Honeywell Nguruve
- Date of birth: 12 August 1969 (age 55)
- Place of birth: Bindura, Rhodesia
- Height: 6 ft 3 in (191 cm)
- Weight: 205 lb (93 kg)
- School: Milton High School

Rugby union career
- Position(s): No. 8 / Flanker

International career
- Years: Team / Apps / (Points)
- 1990–91: Zimbabwe / 5 / (4)

= Honeywell Nguruve =

Honeywell Nguruve (born August 12, 1969) is a Zimbabwean former international rugby union player.

==Biography==
Nguruve, an Old Miltonian, was born in the town of Bindura and is the son of Zimbabwe's first black police commissioner Wiridzayi Nguruve.
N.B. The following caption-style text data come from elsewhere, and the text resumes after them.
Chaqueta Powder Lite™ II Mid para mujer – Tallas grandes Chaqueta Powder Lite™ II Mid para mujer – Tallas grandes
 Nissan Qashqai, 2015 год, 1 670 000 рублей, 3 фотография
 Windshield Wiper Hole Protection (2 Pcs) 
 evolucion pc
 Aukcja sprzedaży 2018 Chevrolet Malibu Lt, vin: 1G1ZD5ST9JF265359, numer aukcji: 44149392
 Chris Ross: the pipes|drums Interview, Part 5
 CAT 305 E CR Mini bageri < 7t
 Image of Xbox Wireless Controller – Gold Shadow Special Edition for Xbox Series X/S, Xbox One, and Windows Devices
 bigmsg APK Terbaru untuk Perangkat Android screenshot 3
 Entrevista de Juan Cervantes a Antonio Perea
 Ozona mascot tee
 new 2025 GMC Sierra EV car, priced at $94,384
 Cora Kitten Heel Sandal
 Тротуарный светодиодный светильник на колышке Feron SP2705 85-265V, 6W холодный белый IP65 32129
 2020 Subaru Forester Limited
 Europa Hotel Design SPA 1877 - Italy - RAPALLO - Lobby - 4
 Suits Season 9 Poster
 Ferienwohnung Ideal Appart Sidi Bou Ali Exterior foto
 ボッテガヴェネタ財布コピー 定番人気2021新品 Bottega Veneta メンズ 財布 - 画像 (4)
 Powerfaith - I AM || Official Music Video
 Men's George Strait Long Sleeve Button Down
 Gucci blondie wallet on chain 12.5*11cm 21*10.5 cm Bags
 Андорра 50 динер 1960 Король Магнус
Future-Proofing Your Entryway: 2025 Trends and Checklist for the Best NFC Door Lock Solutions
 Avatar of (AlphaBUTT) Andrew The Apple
He played his rugby at Milton High School under the coaching of Sydney Dawson.

During the early 1990s, Nguruve played on the Zimbabwe national team, as a flanker, number eight and lock. He was one of four players of colour in the 1991 Rugby World Cup squad and scored a try in the match against Japan in Belfast.

Nguruve emigrated to Australia in 1993, having been signed to play rugby for Perth-Bayswater. He represented Western Australia against the touring 1993 Springboks and the following year relocated to Sydney, where he played for Randwick.